Asian languages roundtable and code challenge

ropensci / textworkshop17

Text Workshop at the London School of Economics, April 2017

21 stars 7 forks source link

Asian languages roundtable and code challenge #3

Open kbenoit opened 7 years ago

kbenoit commented 7 years ago

What if we set out a series of text texts in Chinese, Japanese, and Korean for testing by various packages. The challenge could be, as applicable:

tokenise words and sentences
tag parts of speech
select tokens through pattern matching
create a document-term matrix
attempt analysis using the document-term matrix or other constructed data objects

kasperwelbers commented 7 years ago

While we (i.e. Wouter van Atteveldt and I) haven't really looked into Chinese, Japanese and Korean texts yet, I would love to see how other package currently deal with this. For AmCAT (non-R software), which uses Elasticsearch, we were recently looking into the icu_tokenizer which seemed to do well (though it's hard for me to validate, not speaking the language and all).

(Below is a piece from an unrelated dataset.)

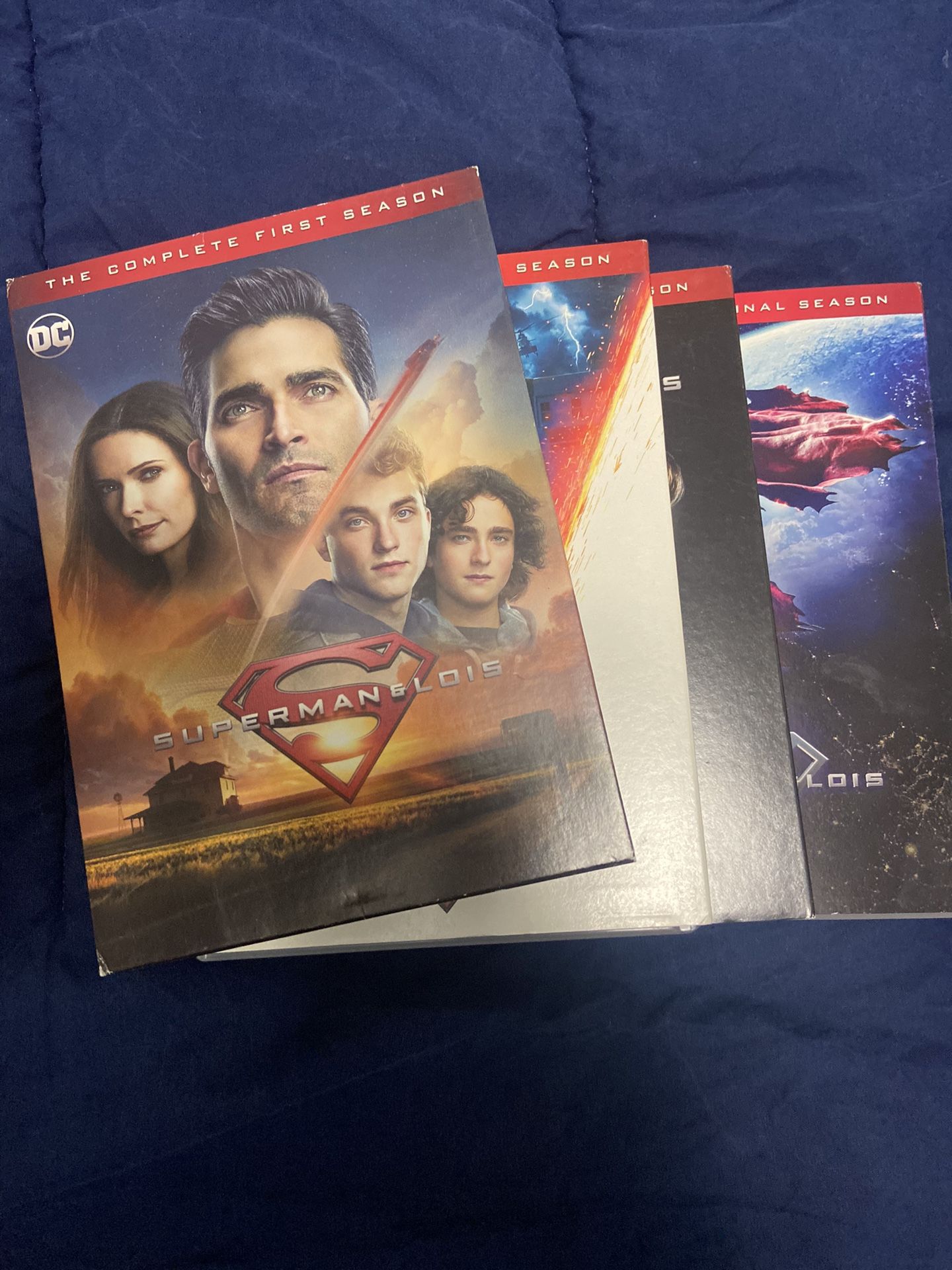 Superman & Lois Season 1-4 DVD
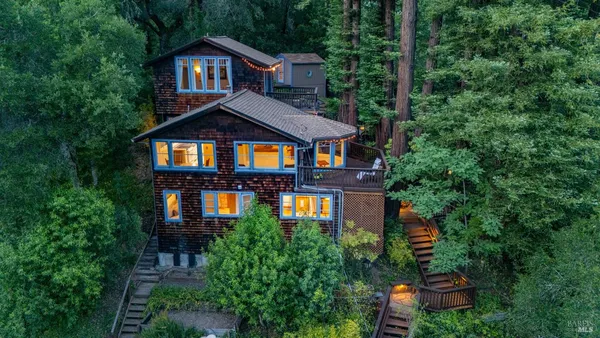 $740,000 | 14801 Canyon 4 Road, Guerneville, CA 95446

I therefore suspect that stringi (which uses ICU) should work well too, but would appreciate to hear more from people who actually tried this.

gagolews commented 7 years ago

For tokenizing words and sentences in stringi, take a look at the stri_split_boundaries function (among others). I don't speak any of C-J-K, so a feedback is needed.

kbenoit commented 7 years ago

Actually our tests have shown that stri_split_boundaries() (which is used by both tokenizers and quanteda) works very well for Japanese and Chinese word segmentation. I was thinking that a "CJK" roundtable would demonstrate some of that as well as identify other challenges perhaps more difficult to solve.

lmullen commented 7 years ago

I'd be glad to modify the tokenizers package, or to write new documentation, so that it can work with non-Western languages. I'd just need to collaborate with someone who knows the language.